School of Communications faculty members Phillip Motley and Amanda Sturgill joined colleague Derek Lackaff in Bergen, Norway, in late October to participate in the 2018 International Society for the Scholarship of Teaching and Learning (ISSOTL) conference.
A recipient of a Fulbright U.S. Scholar Program award, Lackaff is currently teaching at the University of Bergen and assisting with the launch of new academic programs in interactive media.
The three associate professors presented papers and posters at the 15th annual conference, which draws scholars and educators from around the world to present their work, to learn from one another, and to create transnational and transdisciplinary collaborations focused on the scholarship of teaching and learning.
Here are details and summaries about the research the communications faculty presented:
“Testing the Culture of Completeness: Student Strategies on Note Cards in Exams”
Coauthored by Amanda Sturgill and David Sturgill
Permitting limited student-created notes in an examination has been found to reduce student anxiety (Erbe, 2007) and improve student success on the exams themselves (Rice, Vogelweid & Kitchel, 2017; Larwin, Gorman & Larwin, 2013). Less is known about student strategies for creating these notes. In particular, laptops in the classroom have encouraged notes that are transcriptions of the board or slides, creating a culture of completeness in notetaking. This study investigates the differential effect of transcriptive vs. integrated notecards on exam performance. Participants discussed strategies for guiding students on better practice for learning from the process of creating notes.

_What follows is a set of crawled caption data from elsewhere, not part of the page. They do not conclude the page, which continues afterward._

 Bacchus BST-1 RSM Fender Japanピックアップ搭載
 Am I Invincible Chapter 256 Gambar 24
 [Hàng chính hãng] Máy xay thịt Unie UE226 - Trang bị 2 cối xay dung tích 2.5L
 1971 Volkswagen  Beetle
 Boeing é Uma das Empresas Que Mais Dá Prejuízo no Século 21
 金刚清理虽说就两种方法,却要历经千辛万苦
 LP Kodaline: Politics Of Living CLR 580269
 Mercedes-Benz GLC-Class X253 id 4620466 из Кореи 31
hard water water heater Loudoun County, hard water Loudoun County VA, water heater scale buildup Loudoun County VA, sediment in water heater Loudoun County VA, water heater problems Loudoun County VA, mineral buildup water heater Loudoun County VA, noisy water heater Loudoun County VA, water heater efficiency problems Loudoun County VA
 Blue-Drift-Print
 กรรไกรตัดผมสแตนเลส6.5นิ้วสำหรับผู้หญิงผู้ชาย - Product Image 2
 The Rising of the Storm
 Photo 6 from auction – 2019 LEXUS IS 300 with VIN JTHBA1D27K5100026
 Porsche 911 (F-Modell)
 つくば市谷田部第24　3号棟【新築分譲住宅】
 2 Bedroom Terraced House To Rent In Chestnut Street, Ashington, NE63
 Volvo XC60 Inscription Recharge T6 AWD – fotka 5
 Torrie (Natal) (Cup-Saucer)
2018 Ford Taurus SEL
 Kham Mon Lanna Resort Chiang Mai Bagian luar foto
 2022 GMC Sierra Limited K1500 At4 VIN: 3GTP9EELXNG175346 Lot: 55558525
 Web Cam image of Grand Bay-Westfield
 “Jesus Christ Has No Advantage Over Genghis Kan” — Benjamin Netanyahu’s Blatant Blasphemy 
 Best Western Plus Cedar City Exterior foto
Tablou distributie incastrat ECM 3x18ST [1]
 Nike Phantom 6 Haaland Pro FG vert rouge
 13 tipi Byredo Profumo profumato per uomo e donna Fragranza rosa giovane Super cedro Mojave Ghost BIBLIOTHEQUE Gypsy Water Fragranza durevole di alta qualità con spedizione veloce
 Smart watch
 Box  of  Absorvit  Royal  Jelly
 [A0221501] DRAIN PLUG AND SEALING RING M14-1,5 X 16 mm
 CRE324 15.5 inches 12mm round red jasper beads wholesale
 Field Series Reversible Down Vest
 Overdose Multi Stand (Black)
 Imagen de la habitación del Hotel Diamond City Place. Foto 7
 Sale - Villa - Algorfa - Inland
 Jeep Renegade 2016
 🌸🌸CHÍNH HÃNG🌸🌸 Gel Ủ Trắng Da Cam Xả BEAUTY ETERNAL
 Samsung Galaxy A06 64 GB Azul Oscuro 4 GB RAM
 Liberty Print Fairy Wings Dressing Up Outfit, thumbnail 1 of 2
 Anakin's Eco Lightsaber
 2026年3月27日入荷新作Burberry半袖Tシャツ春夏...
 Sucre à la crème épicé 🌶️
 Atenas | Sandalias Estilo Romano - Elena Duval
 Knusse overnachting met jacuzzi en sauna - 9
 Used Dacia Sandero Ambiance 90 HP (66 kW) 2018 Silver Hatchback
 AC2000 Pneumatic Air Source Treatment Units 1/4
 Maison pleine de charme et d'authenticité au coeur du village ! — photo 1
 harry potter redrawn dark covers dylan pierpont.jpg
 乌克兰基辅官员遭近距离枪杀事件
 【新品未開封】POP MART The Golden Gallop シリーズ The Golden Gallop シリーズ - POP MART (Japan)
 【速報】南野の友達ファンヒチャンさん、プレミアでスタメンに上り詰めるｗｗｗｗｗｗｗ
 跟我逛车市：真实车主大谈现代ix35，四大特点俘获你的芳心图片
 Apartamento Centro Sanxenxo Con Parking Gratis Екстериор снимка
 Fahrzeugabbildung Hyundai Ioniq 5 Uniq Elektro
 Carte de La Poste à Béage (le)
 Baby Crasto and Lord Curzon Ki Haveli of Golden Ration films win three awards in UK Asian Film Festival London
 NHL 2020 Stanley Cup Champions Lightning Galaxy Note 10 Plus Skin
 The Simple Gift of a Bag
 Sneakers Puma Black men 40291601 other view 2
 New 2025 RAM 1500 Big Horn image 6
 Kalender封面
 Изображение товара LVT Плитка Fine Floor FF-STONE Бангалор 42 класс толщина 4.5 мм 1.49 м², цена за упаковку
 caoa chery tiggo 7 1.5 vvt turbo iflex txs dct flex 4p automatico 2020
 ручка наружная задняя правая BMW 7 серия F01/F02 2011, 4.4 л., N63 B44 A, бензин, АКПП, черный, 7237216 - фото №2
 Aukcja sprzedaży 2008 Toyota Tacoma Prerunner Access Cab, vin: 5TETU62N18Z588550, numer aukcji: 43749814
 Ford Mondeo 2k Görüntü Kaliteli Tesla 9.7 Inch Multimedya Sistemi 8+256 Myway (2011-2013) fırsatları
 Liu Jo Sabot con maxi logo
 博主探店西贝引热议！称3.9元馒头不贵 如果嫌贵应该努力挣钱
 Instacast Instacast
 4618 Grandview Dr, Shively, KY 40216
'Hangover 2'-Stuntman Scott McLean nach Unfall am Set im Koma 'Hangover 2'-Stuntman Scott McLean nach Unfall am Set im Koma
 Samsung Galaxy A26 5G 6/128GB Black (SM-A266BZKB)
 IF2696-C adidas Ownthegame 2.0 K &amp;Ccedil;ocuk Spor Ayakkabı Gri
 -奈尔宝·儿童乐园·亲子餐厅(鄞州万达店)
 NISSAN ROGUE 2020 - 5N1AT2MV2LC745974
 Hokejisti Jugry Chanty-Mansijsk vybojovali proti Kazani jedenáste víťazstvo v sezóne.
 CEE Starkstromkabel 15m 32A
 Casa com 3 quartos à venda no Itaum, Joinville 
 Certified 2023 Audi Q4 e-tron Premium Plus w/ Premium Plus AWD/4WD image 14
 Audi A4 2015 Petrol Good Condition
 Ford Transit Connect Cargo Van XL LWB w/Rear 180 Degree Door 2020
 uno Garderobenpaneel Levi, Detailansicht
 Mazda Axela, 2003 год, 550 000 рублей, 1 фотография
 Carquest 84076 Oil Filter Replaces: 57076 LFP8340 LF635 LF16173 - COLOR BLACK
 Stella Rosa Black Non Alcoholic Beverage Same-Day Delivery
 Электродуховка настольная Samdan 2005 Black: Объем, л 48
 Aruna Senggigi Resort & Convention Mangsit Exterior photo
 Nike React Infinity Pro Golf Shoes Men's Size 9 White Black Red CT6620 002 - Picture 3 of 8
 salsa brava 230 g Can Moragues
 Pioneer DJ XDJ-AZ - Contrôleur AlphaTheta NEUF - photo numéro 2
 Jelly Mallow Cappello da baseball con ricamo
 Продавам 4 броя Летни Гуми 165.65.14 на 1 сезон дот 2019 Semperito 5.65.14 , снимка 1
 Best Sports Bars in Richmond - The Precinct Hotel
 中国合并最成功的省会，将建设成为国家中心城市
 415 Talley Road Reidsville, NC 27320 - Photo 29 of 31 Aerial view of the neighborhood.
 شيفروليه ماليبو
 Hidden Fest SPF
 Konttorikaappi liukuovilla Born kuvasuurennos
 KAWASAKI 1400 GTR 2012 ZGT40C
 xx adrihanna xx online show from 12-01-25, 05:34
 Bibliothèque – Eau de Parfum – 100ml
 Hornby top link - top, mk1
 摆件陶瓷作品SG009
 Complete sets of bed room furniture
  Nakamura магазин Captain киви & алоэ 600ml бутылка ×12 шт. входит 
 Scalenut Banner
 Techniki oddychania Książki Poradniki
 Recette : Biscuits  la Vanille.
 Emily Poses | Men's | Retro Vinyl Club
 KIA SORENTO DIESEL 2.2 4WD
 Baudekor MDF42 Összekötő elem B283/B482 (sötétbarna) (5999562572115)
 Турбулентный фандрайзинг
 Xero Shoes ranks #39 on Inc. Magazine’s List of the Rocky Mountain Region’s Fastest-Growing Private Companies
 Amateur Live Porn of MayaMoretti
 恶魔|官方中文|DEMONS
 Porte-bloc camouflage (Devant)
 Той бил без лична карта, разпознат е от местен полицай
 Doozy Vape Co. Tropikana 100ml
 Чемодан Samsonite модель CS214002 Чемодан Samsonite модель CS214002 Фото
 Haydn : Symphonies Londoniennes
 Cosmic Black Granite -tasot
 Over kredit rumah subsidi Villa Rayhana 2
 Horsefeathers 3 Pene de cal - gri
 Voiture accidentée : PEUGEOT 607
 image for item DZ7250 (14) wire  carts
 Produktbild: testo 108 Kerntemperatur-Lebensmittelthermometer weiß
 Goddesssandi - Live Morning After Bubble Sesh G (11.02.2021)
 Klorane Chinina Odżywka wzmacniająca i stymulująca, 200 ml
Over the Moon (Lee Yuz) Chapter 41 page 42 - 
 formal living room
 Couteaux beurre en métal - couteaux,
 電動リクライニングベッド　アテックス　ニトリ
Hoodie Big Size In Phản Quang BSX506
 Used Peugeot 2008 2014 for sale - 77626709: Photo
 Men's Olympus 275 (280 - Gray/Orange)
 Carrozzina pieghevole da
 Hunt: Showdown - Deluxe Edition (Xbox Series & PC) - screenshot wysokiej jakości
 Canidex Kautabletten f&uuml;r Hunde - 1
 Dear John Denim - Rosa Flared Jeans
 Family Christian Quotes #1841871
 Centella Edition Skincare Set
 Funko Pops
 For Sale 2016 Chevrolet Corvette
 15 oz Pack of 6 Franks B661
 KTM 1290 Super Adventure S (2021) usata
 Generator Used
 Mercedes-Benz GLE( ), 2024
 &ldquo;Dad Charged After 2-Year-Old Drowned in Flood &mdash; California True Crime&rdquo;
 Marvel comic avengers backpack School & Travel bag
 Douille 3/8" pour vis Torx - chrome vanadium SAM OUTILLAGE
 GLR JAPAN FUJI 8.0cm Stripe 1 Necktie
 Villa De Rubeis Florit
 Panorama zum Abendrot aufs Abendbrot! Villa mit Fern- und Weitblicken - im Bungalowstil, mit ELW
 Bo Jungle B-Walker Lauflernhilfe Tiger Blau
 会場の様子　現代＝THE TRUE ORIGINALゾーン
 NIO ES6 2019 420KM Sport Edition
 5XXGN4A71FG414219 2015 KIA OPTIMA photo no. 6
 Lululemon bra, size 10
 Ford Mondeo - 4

“Design for Engagement: How Faculty Structure and Assess Participation in Global Education Courses”
Coauthored by Derek Lackaff and Matthew Buckmaster
Short-term global education (STGE) courses have students travelling with an instructor for a period of weeks, and attempt to extend the learning culture of a campus into the wider world. The STGE learning environment typically foregrounds distinctive learner goals, expectations and relationships. “Student engagement” in such a context differs greatly from an on-campus course. Drawing on a content analysis of syllabi and interviews with faculty from a mid-sized, private American university, we explored motivations, goals, and impacts of assessing participation in STGE courses. Although the learning goals of STGE courses may be similar to those of campus-based courses, we found that faculty conceptualize and assess participation in STGE courses in distinctive ways. In this session, we presented multiple learning scenarios to help attendees understand: 1) how participation is conceptualized in STGE courses and 2) how participation is operationalized and assessed in STGE courses. Faculty conceptualize the academic goals and content of STGE differently from those of their campus-based courses, with important implications for student learning, course design, and faculty development. This paper session provided an overview of our findings, suggested themes for discussion and future investigation, and provided opportunities for the audience to share perspectives from their own campus contexts.
“SoTL and the Career Path: Academic Culture Issues within and across Institutions”
Authored by Amanda Sturgill
Understanding teaching and learning is mission-critical for academics. While we have the ability to extend our skills in inquiry to our work with and for students, academics sometimes lack the incentives to do so. This poster presented the impacts on the career path for choosing SoTL work from the perspective of disciplines in the liberal arts and professional schools, with a focus on the impacts on the short-term and longer-term implications for faculty, looking at SoTL conducted in a multi-institutional context.
“Pivot Points: Maximizing the Learning Potential of a Professional Graduate Program”
Coauthored by Phillip Motley and Derek Lackaff
This research poster shared how we have attempted to develop an inclusive learning culture in a diverse professional graduate program in interactive media. We drew on student interviews and programmatic evaluation data to explore (1) the role of the advising process; (2) the design of curricular and co-curricular opportunities; and (3) the messaging provided to students prior to and following admission. We reflected on facilitating meaningful learning experiences that allow students to pivot between academic and professional learning objectives, and demonstrated how best practices are not ad hoc, but programmatically designed and implemented by all faculty.